What are you using for d?

Another difficulty is that the rubber band has mass, so this will retain some KE after the clothespin has left. Is it light compared with the mass of the clothespin?

the distance from the ground to the ceiling.

You are asked how far you need to pull it down. That might not be all the way to the ground.

 

[a1234]

The formula for the elastic potential energy is 1/2kx^2.
I'm trying to find the value of d that would allow the clothespin to touch the ceiling upon release, so I haven't chosen a value for that.
The distance to the ceiling was chosen as the height because that is how far the pin would be from the ground once it hits the ceiling.
Is there a way other than integration to do this? I doubt we'd be expected to use integration, because this is a first-year physics course.

 

[haruspex]

The formula for the elastic potential energy is 1/2kx^2.

Right, not Fd. But what is x in that formula? Be precise.

I'm trying to find the value of d that would allow the clothespin to touch the ceiling upon release, so I haven't chosen a value for that.

I understand that you are trying to find how far down to pull the pin. Is that what you are calling d? What is the relationship between that d and the x in the formula above?

The distance to the ceiling was chosen as the height

Yes, but you wrote from ground to ceiling.
What is the set-up: are the ends of the elastic band at a fixed height and you are varying d (so not necessarily from ground), or is it always from ground but the height of the elastic band is varied (i.e. d)?

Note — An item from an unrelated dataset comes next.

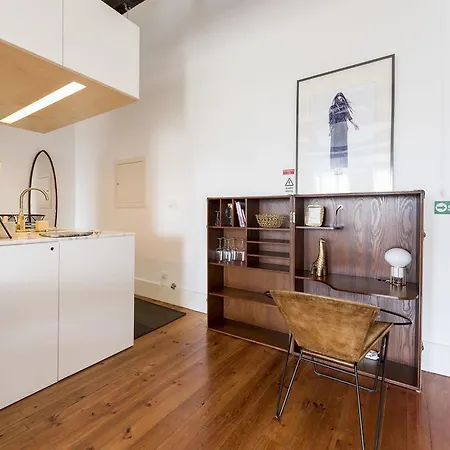 Lovelystay - Urban Loft - Downtown Apartment Porto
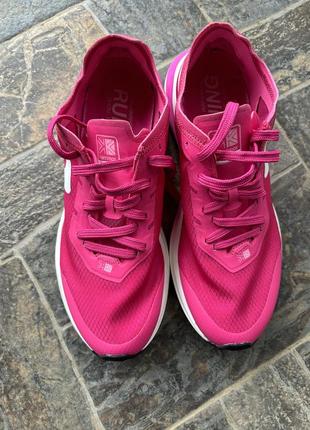 Женские кроссовки karrimor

Is there a way other than integration to do this?

Assuming the elastic band behaves as a simple spring, integration produces the ½kx² formula, so just use that.

 

[a1234]

In 1/2kx^2, k refers to the spring constant and x to the amount of stretch in meters.
In Fd, d refers to the distance I need to pull back the clothespin, and x functions the same way in the above equation.
The rubber band should be placed horizontally (perhaps right next to a table with rods supporting it) so that its ends are at the same height throughout. The body of the rubber band (or clothespin) is pulled down, which changes the d value.

 

[haruspex]

In Fd, d refers to the distance I need to pull back the clothespin,

But the force you apply in pulling increases as you pull, so as I already pointed out you cannot use Fd.

its ends are at the same height throughout

Ok, so the clothespin does not necessarily go from ground. If the ceiling is height h above the initial height of the band, how high does the clothespin need to travel when it is released?

In 1/2kx^2, k refers to the spring constant and x to the amount of stretch

Right. So what is the relationship between x and d? Use geometry. You will need a variable for the initial length of the band.

 

[CWatters]

Haruspex is leading you in the right direction.

Perhaps have a think about how the force required to stretch the band changes as it's stretched. Clearly using the initial force (zero?) or the final force (maximum) wouldn't be right. If not integration what other maths function might give you a more representative figure for the force?